Although x, y, and z are declared as int16_t, the XPT2046 ADC is 12-bit, so only the range 0–4095 is produced in normal operation. Negative values will not appear under normal use.

Constructors

TS_Point() — Default Constructor

Creates a TS_Point with all fields initialised to zero, equivalent to a no-touch state at the origin.
TS_Point()
TS_Point p;           // x=0, y=0, z=0

TS_Point(x, y, z) — Value Constructor

Creates a TS_Point with explicit coordinate and pressure values. Used internally by getPoint() to package the result of update().
TS_Point(int16_t x, int16_t y, int16_t z)
x
int16_t
required
Horizontal coordinate to store (0–4095).
y
int16_t
required
Vertical coordinate to store (0–4095).
z
int16_t
required
Pressure value to store. Typically 0 (no touch) or ≥ 300 (active touch).
TS_Point p(512, 1024, 450);  // x=512, y=1024, z=450

Operators

operator==

Returns true only if the x, y, and z fields of both points are equal. All three fields must match for the result to be true.
bool operator==(TS_Point p)
return
bool
true when p.x == x && p.y == y && p.z == z; false otherwise.

operator!=

Returns true if any field differs between the two points.
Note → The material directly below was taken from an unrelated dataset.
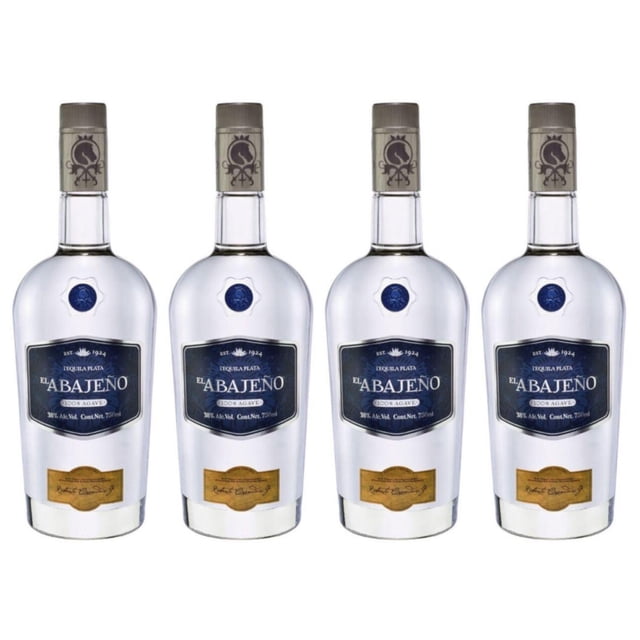 Pack de 4 Tequila El Abajeño Plata 750 ml Plata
This is the logical complement of operator==.
bool operator!=(TS_Point p)
return
bool
true when p.x != x || p.y != y || p.z != z; false otherwise.

Usage Examples

Checking for a valid touch

Always inspect z before treating x and y as a current touch position. When the screen is not pressed, z is 0 and x/y hold stale values from the last contact.
TS_Point p = ts.getPoint();

if (p.z > 300) {
  Serial.print("Touch at x=");
  Serial.print(p.x);
  Serial.print(" y=");
  Serial.println(p.y);
}

Detecting position changes

Because TS_Point implements operator!=, you can compare two points directly without checking each field manually:
TS_Point prev;                 // default-constructed: x=0, y=0, z=0
TS_Point curr = ts.getPoint();

if (curr != prev) {
  // touch position (or pressure) changed
  Serial.print("Moved to x="); Serial.print(curr.x);
  Serial.print(" y="); Serial.println(curr.y);
  prev = curr;
}

Storing and replaying touch events

TS_Point is a plain value type with no heap allocations, making it safe to store in arrays or pass by value:
const uint8_t MAX_POINTS = 16;
TS_Point history[MAX_POINTS];
uint8_t count = 0;

void loop() {
  if (ts.touched() && count < MAX_POINTS) {
    history[count++] = ts.getPoint();
  }
}

Z Threshold Note

The library defines Z_THRESHOLD = 300 in XPT2046_Touchscreen.cpp. This constant is used in two places:
  • touched() — returns true only when the measured Z is ≥ 300.
  • update() — sets zraw = 0 (and skips storing x/y) when Z drops below 300, so getPoint() returns z = 0 for borderline readings.
A secondary threshold Z_THRESHOLD_INT = 75 controls when isrWake is cleared: the flag is reset only once Z falls below 75, providing hysteresis to prevent spurious re-arming during a slow finger lift-off.
If you are reading TS_Point from getPoint() directly (rather than calling touched() first), use p.z >= 300 as your touch-valid guard. Values between 1 and 299 will not appear in normal operation because update() zeros out zraw for sub-threshold readings.